NMC Healthcare Ltd, which went into administration in 2020 following allegations of a massive accounting fraud, has reportedly received creditors’ approval for the proposed deeds of company arrangement (DOCA) restructuring process. This will allow 34 NMC group companies to exit administration and continue to operate the core business of the NMC group.
And once confirmed by the Abu Dhabi Global Market (ADGM) courts, it is anticipated that implementation of the DOCA shall take between 3 and 5 months, CM Structured Finance (1) Ltd has announced, citing an announcement by NMC on September 1.
In 2020, NMC was accused of undisclosed debts of between USD 4 billion and USD 5 billion, including some USD100 million to Mauritian banks, particularly SBM (Mauritius) Ltd of around Rs3.5 billion.
The DOCA’s approval means that NMC’s creditors have voted for an exit from the administration process through a restructuring of the business.

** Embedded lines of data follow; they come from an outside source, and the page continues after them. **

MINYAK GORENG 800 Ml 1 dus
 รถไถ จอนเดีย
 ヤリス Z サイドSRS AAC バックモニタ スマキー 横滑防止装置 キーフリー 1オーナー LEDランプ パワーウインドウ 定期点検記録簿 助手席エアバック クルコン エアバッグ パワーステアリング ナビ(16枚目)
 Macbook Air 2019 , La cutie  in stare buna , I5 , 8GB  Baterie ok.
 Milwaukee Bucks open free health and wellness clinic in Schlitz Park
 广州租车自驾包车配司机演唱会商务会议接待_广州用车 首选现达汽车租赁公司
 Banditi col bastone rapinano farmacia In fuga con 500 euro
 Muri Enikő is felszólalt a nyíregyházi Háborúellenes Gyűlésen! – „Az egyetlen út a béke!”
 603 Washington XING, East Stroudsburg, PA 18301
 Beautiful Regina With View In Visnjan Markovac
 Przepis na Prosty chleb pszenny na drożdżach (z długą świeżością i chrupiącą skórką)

In a document to the Stock Exchange of Mauritius, CM Structured Finance stared that such restructuring of NMC’s business shall result in a “haircut” on the value of NMC’s debts, and creditors receiving certain exit instruments from NMC.
Upon receipt of the said exit instruments, CM Structured Finance intends to redeem the notes and offer noteholders a capital instrument, which shall reflect the economic rights associated with NMC’s exit instruments.